Osborn wrote out a cheque for two pounds ten very bravely. The discussion had been a weighty one. As he handed it to her, he drew her down on his knee, and, holding her tight, impressed her: "You won't let this happen again, in any circumstances, will you, dear girl?"
"Never!" she promised fervently.
So Marie began housekeeping in the way her mother began, and her grandmother, and those jealous tired women in the Tube; the old way of the labouring souls, the old way scarred with crow's feet and wrinkles, and rained on by tears.
Marie meant always to be trim and neat and lovely, a feast for the eye of man. But when winter had settled upon town in a crescendo of cold, and when you thought twice before lighting that gas-fire which you had meant to dress by every morning, and when, too, Osborn began to resume his normal habit of sleeping till the very last moment, why, you no longer gave yourself—or rather, Osborn no longer gave himself—the trouble of rising to make tea. Marie had much more to do than merely dress, and as soon as she had opened her sleepy eyes she sprang resolutely out into the grim cold that seemed so closely to surround her snug bed, and fell to work. She felt as if the toil of a lifetime lay behind her, by the time she and Osborn sat opposite to one another at their breakfast table, and yet, too, as if the toil of a lifetime lay before her.
Marie took upon her shoulders most of the laundering. Osborn said "Clever kid" when he knew, but it did not impress him much; his feeling about it was vague. Did he not work all day himself? All this fiddling donkey-work with which women occupied themselves at home—he dismissed it. Always, when he returned, by the dining-room fire, in an easy chair and a decent frock, sat Marie, sweet and leisured. It was evident that her household duties did not overcome her.
And all day the flat was desolately quiet. How queer women's lives were! They grew up, looking infantilely upon men, and reading about them in fairy tales. One day a pretty girl became engaged to one of them. What congratulations! What importance, delight! What prospects! What planning! What roses! The pretty girl then married one of them, the dearest and best of them, and began to wash dishes. Her heart, which had never been perplexed before, grew very perplexed. Her little purse, which had never been so very hungry before, now hungered for things, simple things, matinées, and sweets and blouses. She stayed all day in a flat, desolately quiet, waiting for one moment when the dearest and best came home.

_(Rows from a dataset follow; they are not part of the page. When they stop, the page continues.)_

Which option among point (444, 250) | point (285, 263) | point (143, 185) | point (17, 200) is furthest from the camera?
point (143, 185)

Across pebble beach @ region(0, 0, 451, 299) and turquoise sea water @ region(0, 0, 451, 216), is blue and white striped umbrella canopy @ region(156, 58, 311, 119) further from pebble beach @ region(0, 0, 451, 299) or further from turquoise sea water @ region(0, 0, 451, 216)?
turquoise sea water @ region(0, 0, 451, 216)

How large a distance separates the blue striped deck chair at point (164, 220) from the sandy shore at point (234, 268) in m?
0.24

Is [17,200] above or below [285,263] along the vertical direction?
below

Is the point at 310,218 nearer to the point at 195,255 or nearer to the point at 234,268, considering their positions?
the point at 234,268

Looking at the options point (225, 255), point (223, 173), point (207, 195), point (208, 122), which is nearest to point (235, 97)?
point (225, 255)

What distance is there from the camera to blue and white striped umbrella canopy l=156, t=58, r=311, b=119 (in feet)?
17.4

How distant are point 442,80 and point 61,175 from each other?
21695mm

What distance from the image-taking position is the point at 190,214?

How queer women's lives were!
When Osborn was going to dine with Rokeby at his club he told Marie about it just as she was stretching a reluctant foot out of her bed into the cold of a grey December morning, and an extraordinary rebellion rose in her with sirocco-like fierceness. She got out of bed without replying, clutched at her dressing-gown and dragged it on, while Osborn's drowsy voice continued, "Desmond asked me, and I thought I would; he wasn't sure if you'd mind—if you'd think it rather often. But I told him you weren't that sort; I told him you were a sport. You'll do something nice this evening, won't you, darling? What'll you do?"